Warren suggests a few simple steps to be successful at following a whole food diet:
— Shop the perimeter of the store. Most grocery stores keep their produce, meat and dairy on the outer walls of the store, while the inner aisles are filled with the cans, boxes and packages of processed foods, Warren said.
Long labels telling
— Read the label. As a general rule, a short ingredient list means the food is less processed, and therefore is a healthier option. An ingredient list full of hard-to-pronounce names is another undesirable sign as it often means the food has been more highly processed.
— Opt for fresh, grass-fed meats. Deli meats, canned meats and frozen meats have usually undergone a good deal of processing and contain salt and chemicals to help preserve them. But fresh, 100 percent grass-fed meats, especially when locally sourced, is of better quality and contain higher levels of healthy fats, Warren said.
— Local is better. Warren recommends looking for local and seasonal foods. Such foods have traveled a shorter distance and are thus fresher and often have a higher nutrient content. And purchasing locally grown foods helps support local growers, which is an added bonus.

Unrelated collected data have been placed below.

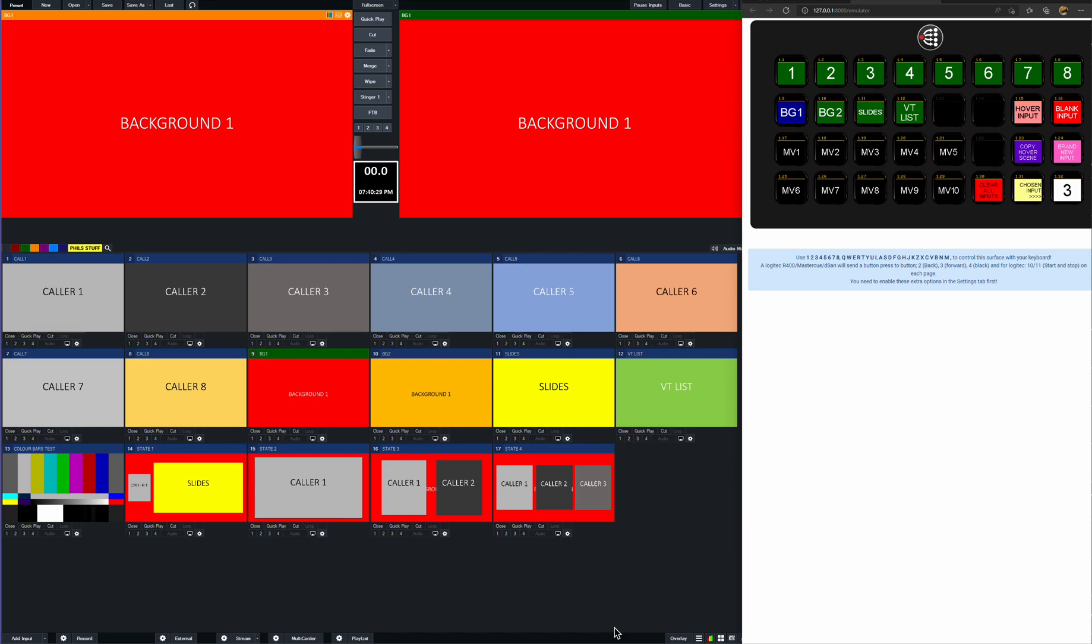Hi there, following on from a post earlier on in the group, a conversation with a chap in the States, I thought I'd post this little video showing a method of how to populate multi-view scenes quite easily if you have a Stream Deck and a couple of scripts running in the background.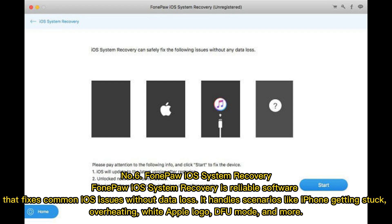Number 6: PhonePaw iOS System Recovery. PhonePaw iOS System Recovery is reliable software that fixes common iOS issues without data loss. It handles scenarios like iPhone getting stuck, overheating, white Apple logo, DFU mode, and more.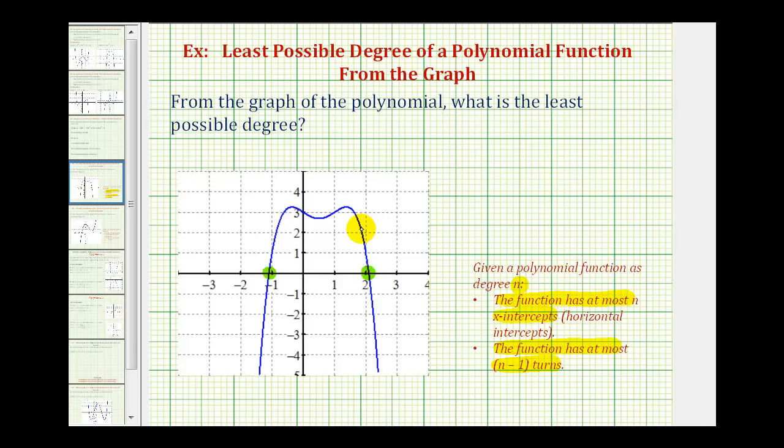But now let's take a look at the number of turns the function has. The function has a turn here — one — a turn here — that's two — and also a turn here, so it has three turns.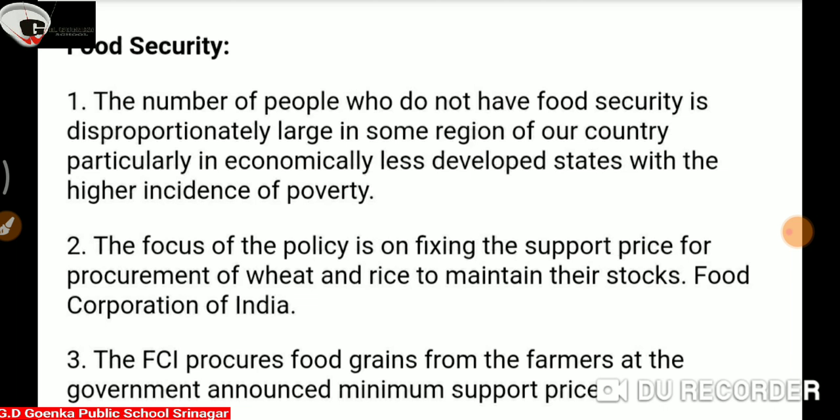They have also divided consumers into two main categories. One is APL — Above Poverty Line — and another one is BPL — Below Poverty Line.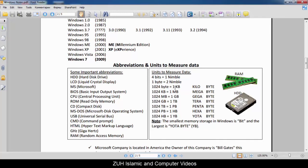Units to measure data: KB (Kilobyte), MB (Megabyte), GB (Gigabyte), TB (Terabyte), PB (Petabyte), HB (Hexabyte), YB (Yottabyte).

— Plan ahead. The two biggest hurdles to successfully carrying out a whole food diet are time and money, Warren said. But with some planning, both can be overcome. Planning out a week of meals and making a shopping list can help.
As produce and fresh meats can get pricey, keeping an eye on sales and buying in bulk are good ways to reduce cost. Warren suggests canning or freezing foods at home to make sure they don’t spoil before they are eaten.
— Practice the 80-20 rule. Warren reminded people not to be too strict, as that is often a recipe for disaster. Denying any and all indulgence can lead to boredom and frustration with any diet and cause people to abandon it altogether.
Instead, make 80 percent of your diet adhere strictly to the whole food diet, and allow for 20 percent of wiggle room.
“Don’t become so strict in your diet that you aren’t enjoying the foods that you and your family are eating,” Warren said. “If you are eating a high-quality, whole food diet for most of the time, then it’s OK to allow yourself a break.”